Are our good intentions getting in the way of creating a genuinely inclusive workplace? Unfortunately, the answer is a resounding Yes, and many of us contend with this problem. We felt drawn to commit to change before we were truly ready, so we jumped in with both feet. However, the inclusion asks continued, and we struggled to keep up with our commitments and were unsure how to proceed effectively. So, we moved along cautiously, hoping for the best. Here's what we need to realize.
Inclusive Leadership is not for the faint of heart and will require bold commitments from all genuinely engaged.
Inclusive Leadership will demand that we proceed, even with uncertainty. If we lean into caution that prevents us from taking action, we risk alienating those depending on us as advocates and allies for change.
Inclusive Leadership will demand a commitment of resources and dollars for actual gains.
Inclusive Leadership calls upon us to think of employees, vendors, and customers as priorities. We must consider all of our audiences for failing to do so will cause us to falter at being inclusive.
When vying for authenticity, we must ensure the dots are fully connected and operating well. If we don't, our efforts are in vain and can do more harm than good, sending us back to the drawing board.

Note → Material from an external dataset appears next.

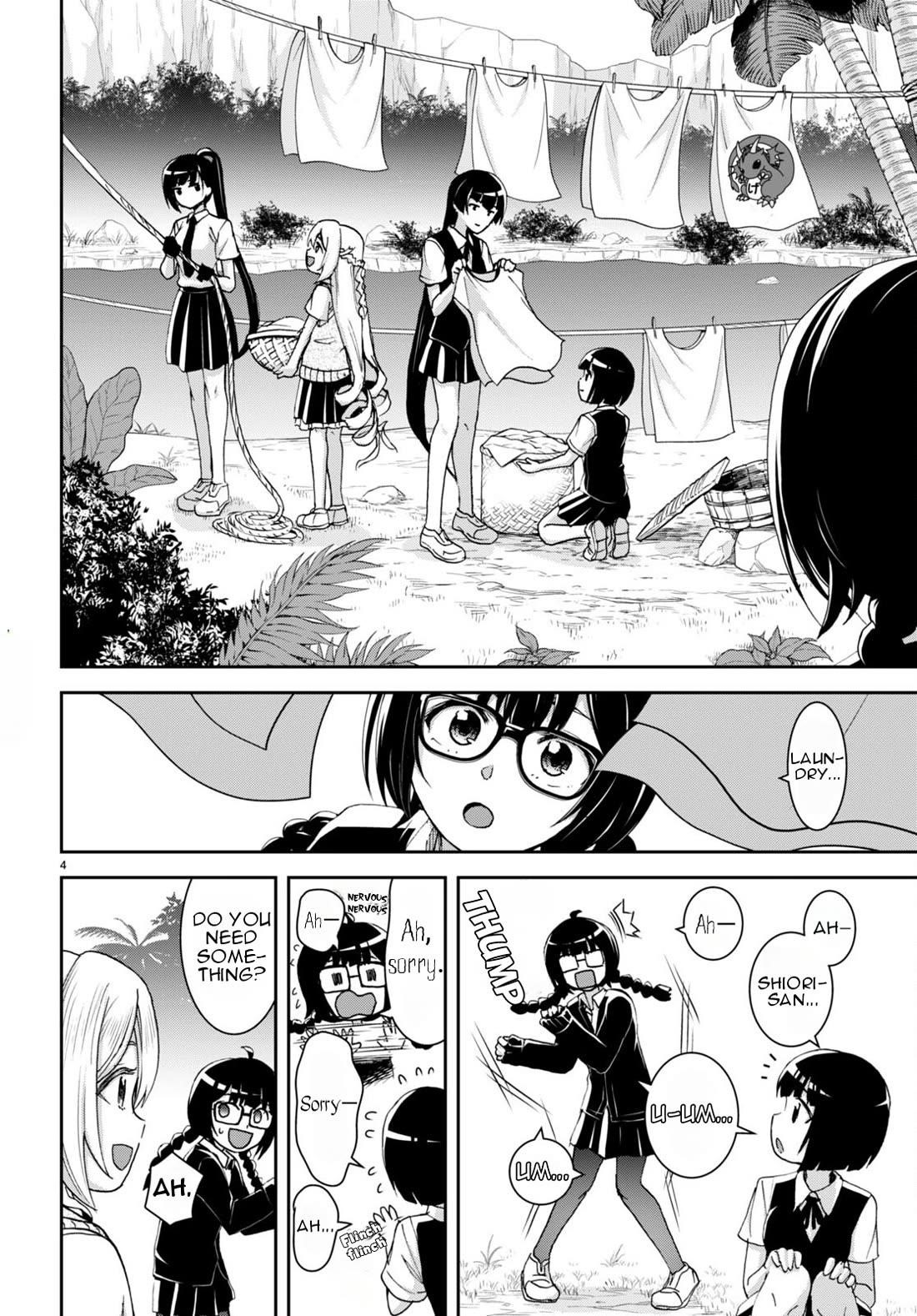 Isekai Yurutto Survival Seikatsu: Gakkou No Minna To Isekai No Mujintou Ni Tenishitakedo Ore Dake Rakushou Desu Chapter 28 - Page 5 in English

Here's what we as inclusive leaders can do to set ourselves up for success.
Move From The Shallow End
How do we know we're in the shallow end of the pool? Some examples include shying away from discussions and acknowledging complex topics, being afraid to make a mistake, and lacking the ability to hold senior leaders accountable. Moving from the shallow end to the deep end requires courage. However, leaders who tackle those challenges head-on, no matter how clunky, will yield dividends in the long run. For example, Salesforce's Leadership supports access to abortions for their employees. In addition, they have created a trusted culture that has encouraged employees to boldly petition Leadership to discontinue the relationship with the National Rifle Association, given recent mass shootings.
Going The Extra Mile
When an organization invests boldly in training for diverse leaders but skimps on meeting the desires of trainees who desire more career acceleration, it falls short. The extra mile equates to amping up financial resources to provide leadership opportunities and create opportunities where there are gaps. In essence, over-betting on talent is prudent when walking the talk on inclusive declarations. Likewise, it falls short when an organization has a commitment to Diversity, Equity, and Inclusion but fails to enforce accountability for those who knowingly or unknowingly thwart those strategies. The extra mile equates to making space to explore threats (i.e., managers who roadblock career acceleration, DEI Champions who stand in the way of allowing others access, lip service, etc.) head-on, no matter how dicey the situation. It also equates to elevating sponsorship access. General Motors is an example of a company going the extra mile by enforcing accountability for generating results to support the commitment to be the most inclusive company.